Steven Soderbergh tourne beaucoup, au rythme de deux films par an, et il s'agit d'ailleurs de la sixième critique que je lui consacre, ce qui ne doit pas être loin d'un record. Alors, pas étonnant qu'il ne soit pas Terrence Mallick. Pas étonnant non plus qu'il y ait du déchet dans cette filmographie diarrhéique, et que, si le très bon s'est fait rare depuis longtemps ("Traffic" ? "Che : Guerilla" ?), le bon et le moins bon alterne régulièrement. Ce "Magic Mike" se situe un peu entre les deux, plutôt bon par le film qu'il aurait pu être, pas vraiment très bon par le film qu'il est, la faute à une certaine mollesse et à l'abandon de pistes intéressantes.
La genèse du projet vient de sa rencontre avec Channing Tatum qui a commencé sa carrière comme strip-teaseur, et à qui Soderbergh, intéressé par le potentiel narratif et cinématographique de ce milieu si particulier, a demandé d'écrire le synopsis. Et effectivement, il y a un vrai potentiel, parfaitement exploité sur la première moitié du film, quand on regarde toute cette entreprise de strip-tease masculin comme une parabole de l'Amérique d'aujourd'hui : peu importe la fin, peu importe les moyens, à partir du moment où on peut se faire du fric. On parle d'argent d'un bout à l'autre du film, et nombreuses sont les scènes qui illustrent l'adage qui dit que l'argent n'a pas d'odeur...
Cette apologie de l'ultra-libéralisme a son jedi : Dallas (joué par un Matthew McConaughey survitaminé), lui-même ancien strip-teaseur et proprio de la boîte qui proclame que son fils n'ira pas à l'école pour rester scotché devant les émissions financières de la télé, et son padawan, le jeune Adam qui vit son "dépucelage" dès sa première soirée à l'Xquisite, et à qui Dallas apprend les ficelles du métier le lendemain dans une scène assez drôle. Le but, c'est de faire du fric, essentiellement sous forme de billets verts glissés dans le string, et pour cela il faut séduire la clientèle, bien entendu exclusivement féminine. Le fond de commerce de ce public d'enterrement de vie de garçon évoque curieusement (ou pas, d'ailleurs) les clichés de la culture gay, et on retrouve des personnages à la Village People sur une chorégraphie de boys band, tout du moins jusqu'au moment où il faut aller au devant de son public. D'ailleurs, quand elle découvre le nouvel attirail d'Adam, sa soeur lui déclare que ses préférences n'ont pas d'importance et que quoiqu'il en soit il restera toujours son frère ! Visiblement, Soderbergh jubile a montrer le mauvais goût de ce concept artistique, dont le climax est sans doute la choré spéciale 4 juillet, qui concentre toutes les vertus américaines : patriotisme, sexe et libre entreprise.
A ce monde en roue libre entre alcool, extasy, sexe facile et appât du gain (la traduction européenne pourrait être footballeur professionnel !), il fallait un contrepoint.

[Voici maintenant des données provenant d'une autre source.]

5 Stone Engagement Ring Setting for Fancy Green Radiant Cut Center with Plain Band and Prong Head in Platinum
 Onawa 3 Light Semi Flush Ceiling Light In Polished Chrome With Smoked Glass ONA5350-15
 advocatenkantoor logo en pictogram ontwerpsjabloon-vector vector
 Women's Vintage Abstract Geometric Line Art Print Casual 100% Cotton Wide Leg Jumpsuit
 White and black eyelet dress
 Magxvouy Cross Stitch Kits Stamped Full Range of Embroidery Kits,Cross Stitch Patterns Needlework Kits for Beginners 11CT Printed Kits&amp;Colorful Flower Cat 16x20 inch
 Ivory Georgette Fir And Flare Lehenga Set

Il y en a deux ici : celui du personnage de Brooke, la grande soeur d'Adam, secrétaire médicale qui a la tête bien sur les épaules, ce qu'Adam et ses potes traduisent par "elle est un peu coincée". Plus intéressant, il y a un contrepoint interne, à savoir Mike lui-même, qui ne se contente pas de la vanité de son succès du moment, mais qui cherche à construire quelque chose, à savoir une entreprise de meubles customisés. On le voit donc en costard en train d'expliquer à la banquière qui s'apprête à lui refuser un prêt que l'origine de son gros paquet de billets froissés n'a rien d'illégal. Soderbergh souligne d'ailleurs l'opposition entre les deux mondes par l'usage d'un filtre jaune qui donne une couleur mordorée un peu iréelle à la vie de l'extérieur, alors que les couleurs des scènes à la boîte sont elles nettement plus criardes et clinquantes.
N'étant ni un adepte de la salle de sport, ni fasciné par l'intérêt visuel de corps mâles huilés, j'ai trouvé que les passages à l'Xquise s'étiraient un peu, et que l'ironie des scènes initiales laissait la place à un cahier des charges aux intentions plus douteuses. Plus dommageable encore, le récit perd de vue des pistes entrouvertes, comme le lien avec les dealers ou l'opposition entre la facilité du gain "amoral" et la difficulté à monter une entreprise "honnête", tout cela au profit de la préparation d'une happy end prévisible et convenue. Ce film frivole et mélancolique se laisse regarder malgré quelques longueurs, et rejoindra la liste des films précédents de Soiderbergh, vite vus, vite oubliés.